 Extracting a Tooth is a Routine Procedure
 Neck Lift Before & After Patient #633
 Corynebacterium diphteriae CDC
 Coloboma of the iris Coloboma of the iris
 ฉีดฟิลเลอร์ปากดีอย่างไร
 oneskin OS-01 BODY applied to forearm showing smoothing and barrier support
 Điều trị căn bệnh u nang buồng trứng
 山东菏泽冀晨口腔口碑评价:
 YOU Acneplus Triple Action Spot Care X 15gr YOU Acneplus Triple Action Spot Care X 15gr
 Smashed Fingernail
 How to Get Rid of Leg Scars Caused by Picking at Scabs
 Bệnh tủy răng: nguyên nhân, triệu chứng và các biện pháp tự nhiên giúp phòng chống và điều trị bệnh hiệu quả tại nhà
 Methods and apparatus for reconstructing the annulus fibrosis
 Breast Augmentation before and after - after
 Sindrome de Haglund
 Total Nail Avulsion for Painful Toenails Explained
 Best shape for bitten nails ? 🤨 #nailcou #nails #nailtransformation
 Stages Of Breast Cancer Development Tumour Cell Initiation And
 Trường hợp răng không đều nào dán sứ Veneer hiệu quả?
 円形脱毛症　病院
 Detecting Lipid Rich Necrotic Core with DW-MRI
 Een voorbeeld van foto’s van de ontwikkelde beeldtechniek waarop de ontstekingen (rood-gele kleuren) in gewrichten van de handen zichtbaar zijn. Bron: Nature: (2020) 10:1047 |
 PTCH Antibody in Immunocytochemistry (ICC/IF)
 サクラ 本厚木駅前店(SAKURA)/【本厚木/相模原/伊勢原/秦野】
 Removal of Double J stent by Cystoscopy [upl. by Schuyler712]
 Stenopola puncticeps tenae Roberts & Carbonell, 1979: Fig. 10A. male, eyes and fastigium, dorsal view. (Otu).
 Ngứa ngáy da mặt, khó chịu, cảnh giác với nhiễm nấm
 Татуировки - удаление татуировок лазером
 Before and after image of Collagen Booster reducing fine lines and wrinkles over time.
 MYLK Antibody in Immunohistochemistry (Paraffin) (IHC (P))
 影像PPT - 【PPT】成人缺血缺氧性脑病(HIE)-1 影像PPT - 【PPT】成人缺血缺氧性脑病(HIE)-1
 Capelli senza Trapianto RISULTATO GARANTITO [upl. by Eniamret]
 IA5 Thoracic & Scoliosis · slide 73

------------------------------------------------------------

▶ **Try it**
Only the lines from the one containing "Smashed Fingernail" through the one containing "MYLK Antibody in" are to be retyped, both boundary lines included, with no other material.

▶ **Exercise result**
 Smashed Fingernail
 How to Get Rid of Leg Scars Caused by Picking at Scabs
 Bệnh tủy răng: nguyên nhân, triệu chứng và các biện pháp tự nhiên giúp phòng chống và điều trị bệnh hiệu quả tại nhà
 Methods and apparatus for reconstructing the annulus fibrosis
 Breast Augmentation before and after - after
 Sindrome de Haglund
 Total Nail Avulsion for Painful Toenails Explained
 Best shape for bitten nails ? 🤨 #nailcou #nails #nailtransformation
 Stages Of Breast Cancer Development Tumour Cell Initiation And
 Trường hợp răng không đều nào dán sứ Veneer hiệu quả?
 円形脱毛症　病院
 Detecting Lipid Rich Necrotic Core with DW-MRI
 Een voorbeeld van foto’s van de ontwikkelde beeldtechniek waarop de ontstekingen (rood-gele kleuren) in gewrichten van de handen zichtbaar zijn. Bron: Nature: (2020) 10:1047 |
 PTCH Antibody in Immunocytochemistry (ICC/IF)
 サクラ 本厚木駅前店(SAKURA)/【本厚木/相模原/伊勢原/秦野】
 Removal of Double J stent by Cystoscopy [upl. by Schuyler712]
 Stenopola puncticeps tenae Roberts & Carbonell, 1979: Fig. 10A. male, eyes and fastigium, dorsal view. (Otu).
 Ngứa ngáy da mặt, khó chịu, cảnh giác với nhiễm nấm
 Татуировки - удаление татуировок лазером
 Before and after image of Collagen Booster reducing fine lines and wrinkles over time.
 MYLK Antibody in Immunohistochemistry (Paraffin) (IHC (P))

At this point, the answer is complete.